Reverting to recession

The Nigerian economy is in recession, after having registered two quarters of negative growth in mid-2016. Its foreign exchange reserves have declined from $37.3 billion to $25 billion between June 2014 and September 2016 alone, and its current account is now in deficit, with the IMF expecting it to be 2.8% of GDP in 2016 – its lowest level since 1998. The slump in oil prices has been a key driver as petroleum exports represent 90% of Nigeria’s total export revenue. This economic predicament is exacerbated by policy uncertainty regarding liberalisation of the naira exchange rate.

President Buhari recently stated that he anticipates an economic recovery. Yet the composition of the Nigerian economy has left Nigeria with a growing oil-related external imbalance, suggesting that prospects for growth, and employment, will remain poor. The Central Bank of Nigeria (CBN) would like to foster greater exchange rate flexibility to facilitate a new phase of growth and development. This would enable a diversified growth path away from the oil sector following Nigeria’s slow economic transformation.

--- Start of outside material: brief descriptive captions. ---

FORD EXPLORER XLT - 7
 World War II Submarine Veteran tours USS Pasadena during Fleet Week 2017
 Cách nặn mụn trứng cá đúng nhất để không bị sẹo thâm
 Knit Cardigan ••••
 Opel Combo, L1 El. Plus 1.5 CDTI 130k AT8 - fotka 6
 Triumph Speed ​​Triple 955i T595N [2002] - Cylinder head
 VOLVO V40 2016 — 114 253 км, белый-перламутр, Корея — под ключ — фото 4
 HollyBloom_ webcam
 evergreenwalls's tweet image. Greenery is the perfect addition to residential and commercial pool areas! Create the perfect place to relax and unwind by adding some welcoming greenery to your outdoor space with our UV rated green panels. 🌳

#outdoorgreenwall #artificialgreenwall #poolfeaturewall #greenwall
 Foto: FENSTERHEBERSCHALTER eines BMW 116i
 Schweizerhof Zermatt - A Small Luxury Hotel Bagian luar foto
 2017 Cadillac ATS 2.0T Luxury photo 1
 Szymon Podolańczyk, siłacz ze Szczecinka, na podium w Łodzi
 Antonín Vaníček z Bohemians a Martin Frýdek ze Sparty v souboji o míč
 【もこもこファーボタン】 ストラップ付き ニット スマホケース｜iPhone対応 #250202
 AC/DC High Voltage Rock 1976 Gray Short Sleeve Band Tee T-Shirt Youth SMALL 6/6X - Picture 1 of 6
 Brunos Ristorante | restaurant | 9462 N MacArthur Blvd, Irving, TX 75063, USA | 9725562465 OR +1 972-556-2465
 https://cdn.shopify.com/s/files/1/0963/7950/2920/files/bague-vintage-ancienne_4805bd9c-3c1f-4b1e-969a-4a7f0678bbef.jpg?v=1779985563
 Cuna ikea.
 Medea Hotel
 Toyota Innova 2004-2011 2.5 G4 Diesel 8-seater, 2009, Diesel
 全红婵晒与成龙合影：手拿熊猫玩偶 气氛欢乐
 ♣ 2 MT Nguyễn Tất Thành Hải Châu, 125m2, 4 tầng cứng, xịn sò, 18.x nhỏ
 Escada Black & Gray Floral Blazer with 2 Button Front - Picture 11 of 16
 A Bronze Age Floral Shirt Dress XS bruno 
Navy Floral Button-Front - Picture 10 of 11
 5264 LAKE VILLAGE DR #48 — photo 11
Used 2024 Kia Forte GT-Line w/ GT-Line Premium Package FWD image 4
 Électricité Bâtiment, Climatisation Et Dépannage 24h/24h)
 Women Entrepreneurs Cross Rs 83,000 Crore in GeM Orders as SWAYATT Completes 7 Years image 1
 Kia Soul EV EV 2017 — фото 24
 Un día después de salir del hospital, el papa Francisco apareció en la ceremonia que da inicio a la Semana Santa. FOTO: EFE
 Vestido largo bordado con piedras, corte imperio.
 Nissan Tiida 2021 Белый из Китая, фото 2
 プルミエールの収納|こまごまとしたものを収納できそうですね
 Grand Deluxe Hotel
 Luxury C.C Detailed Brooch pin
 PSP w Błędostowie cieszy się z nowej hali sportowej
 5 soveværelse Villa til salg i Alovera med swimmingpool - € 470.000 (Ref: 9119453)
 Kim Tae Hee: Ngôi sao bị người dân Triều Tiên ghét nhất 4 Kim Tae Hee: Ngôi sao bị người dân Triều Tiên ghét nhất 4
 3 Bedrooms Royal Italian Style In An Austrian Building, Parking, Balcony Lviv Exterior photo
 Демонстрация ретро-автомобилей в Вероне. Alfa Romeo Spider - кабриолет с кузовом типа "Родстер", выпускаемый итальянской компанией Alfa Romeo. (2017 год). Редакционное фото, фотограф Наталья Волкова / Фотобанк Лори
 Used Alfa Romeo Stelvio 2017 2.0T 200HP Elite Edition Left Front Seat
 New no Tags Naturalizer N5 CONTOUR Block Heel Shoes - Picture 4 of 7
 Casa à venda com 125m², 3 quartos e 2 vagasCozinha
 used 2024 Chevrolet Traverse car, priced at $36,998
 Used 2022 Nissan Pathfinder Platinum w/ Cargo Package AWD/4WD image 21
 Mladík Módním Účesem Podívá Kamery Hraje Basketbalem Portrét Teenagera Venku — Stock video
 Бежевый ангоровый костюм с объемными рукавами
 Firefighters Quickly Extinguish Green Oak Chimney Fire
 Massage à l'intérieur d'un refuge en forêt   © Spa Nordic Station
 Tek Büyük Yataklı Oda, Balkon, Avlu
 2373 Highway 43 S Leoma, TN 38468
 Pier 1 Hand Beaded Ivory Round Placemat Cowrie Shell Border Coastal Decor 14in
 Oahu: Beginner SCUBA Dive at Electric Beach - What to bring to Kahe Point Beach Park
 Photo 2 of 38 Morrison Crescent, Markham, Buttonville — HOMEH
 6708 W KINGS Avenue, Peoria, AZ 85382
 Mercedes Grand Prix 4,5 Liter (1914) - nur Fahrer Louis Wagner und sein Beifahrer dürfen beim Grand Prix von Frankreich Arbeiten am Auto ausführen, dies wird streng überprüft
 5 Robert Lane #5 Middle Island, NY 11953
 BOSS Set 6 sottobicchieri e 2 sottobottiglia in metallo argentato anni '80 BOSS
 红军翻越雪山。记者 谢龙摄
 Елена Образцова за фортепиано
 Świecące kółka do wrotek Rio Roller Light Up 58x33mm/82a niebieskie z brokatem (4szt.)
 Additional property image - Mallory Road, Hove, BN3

Meanwhile, speculative inflows into Nigeria will continue to exert a downward pressure on the currency unless there is a strategy to fully liberalise the naira to improve Nigeria’s external position and to rebuild foreign exchange reserves. Following the flexible naira exchange rate regime announcement, policy-makers should now focus on freely floating. This is essential if the new currency regime is to gain credibility, catalyse confidence and complement any growth transition to the non-oil manufacturing sectors.

The naira's managed float

In May 2016, the CBN announced the reintroduction of a flexible exchange rate. In large part, this was intended to stem the decline in foreign exchange reserves that has been, to some extent, the result of the CBN’s policy of maintaining the naira-US dollar peg. The details of the new policy specified a ‘purely market driven’ exchange rate with the proviso that the bank could intervene periodically, ‘as needed’. In practice, in addressing the liquidity shortages in the market, the CBN also introduced new financial instruments that could moderate naira volatility and shift non-urgent FX demand to the futures market.

While currency intervention can reduce volatility or price variation over a specified time, in Nigeria’s case, following the May announcement, the naira’s volatility spiked higher and its value in the 3-month and 12-month forward market has reached a record low against the US dollar. This suggests further weakness is to come. In addition, the CBN may well be operating with a heightened concern that a further depreciation could fuel inflation at a time when the economy is contracting, therefore intensifying stagflation. This would result in damage to real incomes, with evidence suggesting that some depreciations over 10-20% can cause longer-lasting inflation episodes.

Operationalising a new naira regime has, therefore, been problematic. Nigeria has seen some inflows: in August 2016, there was a $270 million inflow into local currency bonds, over five times the average daily trading in the naira market (typically at $50 million). Yet despite this, there is a continued shortage of dollars in the official and parallel currency markets. Intermittent CBN US dollar selling (reaching as much as $60 million per day) continues to be the only real support for the naira, despite appointment of FX primary dealers. This has led to a crucial uncertainty, particularly in financial markets, as to the timing and extent to which the CBN actually plans to let the naira float.

Moving to a pure free float

Fully floating the naira is not a silver bullet to Nigeria’s economic recession, though it will be a feat in overcoming fear around reducing purchasing power. The challenge ahead is significant given that it will bring, among other things, short-term volatility. However a gradual free-float is worse: Nigeria’s economy needs liquidity and investment inflows, to help the economy out of its credit crunch and recession. In order to facilitate that, it needs to gain the confidence of markets to benefit from global finance on cost-effective terms.

The opportunity cost of not re-building precautionary reserves, to safeguard against future crises and for longer-term investment, is also high, particularly as the outlook for oil prices is for a muted recovery at best, offering Nigeria little in the way of export revenue. In the absence of a clear and credible message regarding its exchange rate policy, speculation will prevail, to the detriment of Nigeria’s financial system and its public finances.